**Work instruction:** Pictures in the data must not be copied, but everything else should be output exactly.

**Information shown:**

....................

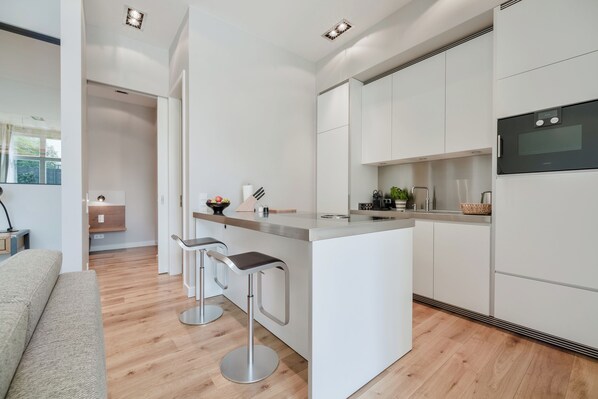 Appartement, vue cour intérieure | Cuisine privée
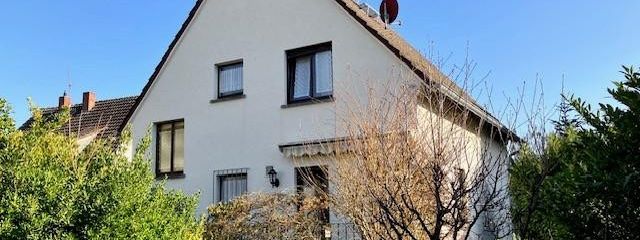 Renovierungsbedürftiges Einfamilienhaus - Besichtigung Sa 15.08. 15-18:00 & So 16.08. 10-12:00 Uhr – Hausansicht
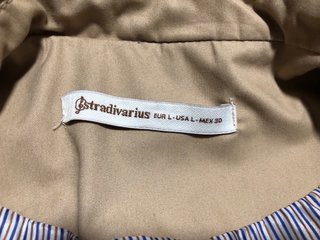 Gabardina Stradivarius Beige Talla M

....................

**Solved problem:**
 Appartement, vue cour intérieure | Cuisine privée
 Renovierungsbedürftiges Einfamilienhaus - Besichtigung Sa 15.08. 15-18:00 & So 16.08. 10-12:00 Uhr – Hausansicht
 Gabardina Stradivarius Beige Talla M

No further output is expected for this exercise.